Maroc, terre de contraste ...

Tandis qu’il se noue des alliances, aussi inattendues qu’objectives, n'en déplaise aux producteurs occidentaux de clichés et de stéréotypes à flux tendu, entre un écrivain homosexuel - Abdellah Taia - qui a fait son outing il y a peu et une féministe islamiste de renom - Nadia Yassine -, contre la décision d’une ancienne puissance coloniale qui interdisait la présence au festival de Carthagena de la représentante du mouvement islamiste Al-Adala Wa Al-Ihssane - une esquisse de mouvement « postcolonial transgenre » serait-il en marche dans le royaume chérifien ? -, l’association laïciste au nom exquis et raffiné, dont les initiateurs n’en finissent pas de tremper dans des histoires d'argent douteuses, vient de se faire refuser la possibilité d’avoir une antenne au Maroc : « Le ministère de l'Intérieur marocain a refusé l'installation d'un bureau local de Ni putes ni soumises en arguant que l'association française qui se bat contre la violence faite aux femmes "a une approche qui n'est pas adaptée au Maroc", relève le quotidien Aujourd'hui Le Maroc. Le ministère reconnaît que l'association fait un travail respectable en France mais fait état dans son refus de plusieurs associations, "tant nationales qu'étrangères, qui s'activent dans le domaine de la protection des droits des femmes dans le respect des traditions marocaines". "Nous avons besoin d'avoir un pied-à-terre au Maghreb et le Maroc me semble le pays le plus approprié", a répliqué Siham Habchi, présidente de l'association. Elle assure n'avoir pas dit son dernier mot et compte de rendre très bientôt au Maroc pour en discuter. » (*). On pourrait voir dans ses deux événements, en apparence éloignés, tout à la fois, la reconquête de l’« estime de soi », en cette matière il n'est jamais trop tard pour bien faire, rien n’est plus grotesque que le mimétisme automatique envers les dominants (en terme d'hégémonie culturelle), et les prémisses d’un projet de modernité alternative dont la dynamique serait réellement endogène… En tout cas, il est permis de rêver ! Ce télescopage, cette rencontre fortuite soulève d'autres questions : Comment peut-on être Marocain au XXIe siècle?

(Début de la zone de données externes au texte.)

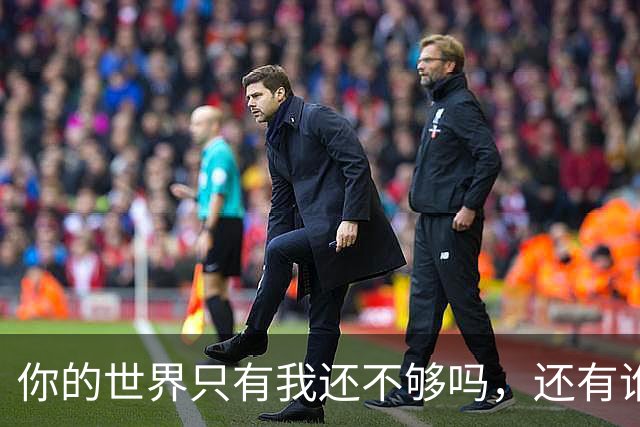 你的世界只有我还不够吗，还有谁呢？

Et puis qui est Marocain aujourd'hui? ...

2 commentaires:

bader a dit…

Merci bougnoulosophe pour cette dépêche qu'on aurait pas pu voir passer ailleurs !

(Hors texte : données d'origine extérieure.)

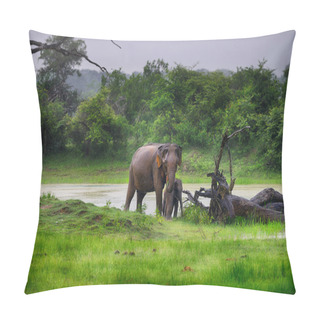 Personality  Elephant In The Wild Pillow Covers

Je salue cette alliance objective entre postcoloniaux subalternes dans leur propre espace culturel et dans l'espace mondial.

Sur NPNS, pourquoi cherchent-illes à s'installer au Maroc ? Voit-il le Maroc comme le prolongement de leur oeuvre civilisatrice inspirés des idéaux républicains ? Pourquoi le Maroc en particulier ? En ce moment en France, c'est le Maroc qui est devenu l'essence même de l'Orient, un Orient pur, pas encore moderne, où l'Occident détient encore sa mission civilisatrice... Et NPNS en serait l'avant-garde éclairée... Une mentalité colonialiste de gauche qui ne se cache même plus. Car au fond, NPNS aurait pu se contenter de soutenir les associations féministes locales, en leur envoyant des fonds, et en échangeant des pratiques militantes comme tous les autres mouvements sociaux, mais au lieu de ça illes ont tenté de s'installer comme le ferait une banale multinationale.

Amin K. a dit…

Effectivement chapeau! Cela m’a d’autant plus étonné que Taïa est connu pour être un proche de Frederic Mitterand ce pourfendeur de la repentance qui ne voit en nous, indigènes, que des nègres pleurnichards et que Taïa est capable de phrases de cette espèce : “Comme toutes les femmes marocaines X consulte régulièrement son marabout” ( c’est dumoins en substance ce que j’ai lu dans le Rouge du Tarbouche). Mais bon, je crois que j’ai été capable de pire tant la voie de la Conscience de Soi est pénible et semée de faux semblants sournois. Aujoud’hui on ne peut que lui tirer nos tarbouches.